Commodity prices to shoot up: Jim Rogers
SINGAPORE (Commodity Online): Globally renowned commodities expert and investor Jim Rogers says world's focus in the coming years is going to be on agricultural commodities and food prices.
According to him, the prices of agricultural commodities and food are going to continuously rise in the coming years. Commodity prices are going to shoot up. The challenge is that people are eating more foods these days. But the supply of food products is coming down, he said.
Rogers, who is now settled in Singapore and who has been investing heavily into agricultural commodities in China, says the biggest problem that the food sector faces is that the inventories of food are the lowest not in years but in decades.
Food supply is going to remain down since we have serious production problems. At the same time people are eating more and we are burning some of our foods as fuels, said Jim Rogers.
Jim Rogers, author of the well-known book called Hot Commodities, said that the combination of burning foods into fuels won't change unless governments quit the debacle of using corn to turn into ethanol.

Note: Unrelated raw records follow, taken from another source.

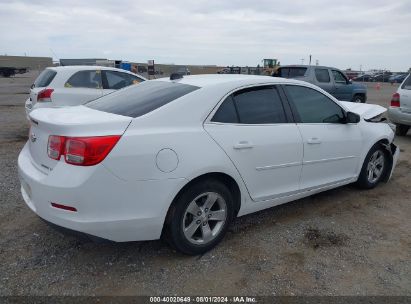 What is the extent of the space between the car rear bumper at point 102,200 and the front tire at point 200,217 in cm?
13

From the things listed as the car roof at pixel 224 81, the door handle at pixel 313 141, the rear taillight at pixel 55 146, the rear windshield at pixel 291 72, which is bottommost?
the door handle at pixel 313 141

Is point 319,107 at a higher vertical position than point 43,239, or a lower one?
higher

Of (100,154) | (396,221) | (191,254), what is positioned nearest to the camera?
(100,154)

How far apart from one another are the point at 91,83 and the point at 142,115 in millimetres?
5908

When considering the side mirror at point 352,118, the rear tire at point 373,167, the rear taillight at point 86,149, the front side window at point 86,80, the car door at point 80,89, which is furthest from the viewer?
the front side window at point 86,80

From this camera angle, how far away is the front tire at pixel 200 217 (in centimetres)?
323

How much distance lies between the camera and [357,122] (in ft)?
15.5

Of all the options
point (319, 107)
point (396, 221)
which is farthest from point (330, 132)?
point (396, 221)

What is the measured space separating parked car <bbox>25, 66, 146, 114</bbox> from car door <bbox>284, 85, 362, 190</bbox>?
5.43 meters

That at least would keep the prices of corn relatively in check and available to livestock and human beings at a decent price. If not, corn itself and anything it feeds will increase in price as a result, he said.

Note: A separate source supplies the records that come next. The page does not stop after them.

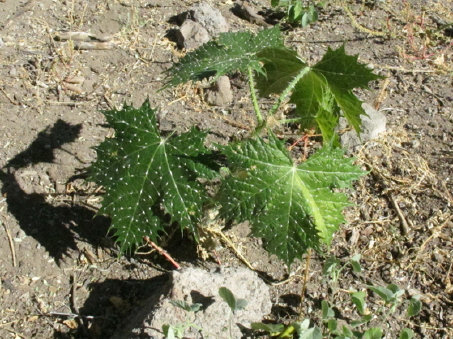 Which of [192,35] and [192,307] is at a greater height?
[192,35]

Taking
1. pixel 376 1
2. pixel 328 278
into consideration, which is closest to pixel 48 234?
pixel 328 278

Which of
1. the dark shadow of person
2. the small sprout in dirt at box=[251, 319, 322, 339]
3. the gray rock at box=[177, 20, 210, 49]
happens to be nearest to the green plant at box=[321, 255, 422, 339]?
the small sprout in dirt at box=[251, 319, 322, 339]

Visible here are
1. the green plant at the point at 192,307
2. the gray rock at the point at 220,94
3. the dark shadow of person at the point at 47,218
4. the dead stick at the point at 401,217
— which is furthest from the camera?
the gray rock at the point at 220,94

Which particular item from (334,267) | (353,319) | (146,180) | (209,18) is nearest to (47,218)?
(146,180)

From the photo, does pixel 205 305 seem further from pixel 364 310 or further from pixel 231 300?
pixel 364 310

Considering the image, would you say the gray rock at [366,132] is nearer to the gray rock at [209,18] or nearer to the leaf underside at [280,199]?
the leaf underside at [280,199]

Rogers has said numerous times in the recent past that those that own the fancy cars in the next 10 to 20 years will be those who turn in their briefcases for farming. I think he's right!
Still, there are numerous ways you can play agriculture, from those providing equipment and seeds to to those providing the fertilizers and other essentials to operate the business.
Water is another key thing to look at over the next years as populations in many areas of the world continue to grow exponentially, with world population growth estimated to be at over 9 billion by 2050.
Jim Rogers had recently blasted several analysts for suggesting that China's growth is not sustainable and the Chinese economy is caught in a bubble.
Rogers recently predicted that gold prices would surge to touch $2,000 per ounce in the next one decade. He also said that silver and platinum are better precious metals to invest in rather than gold these days.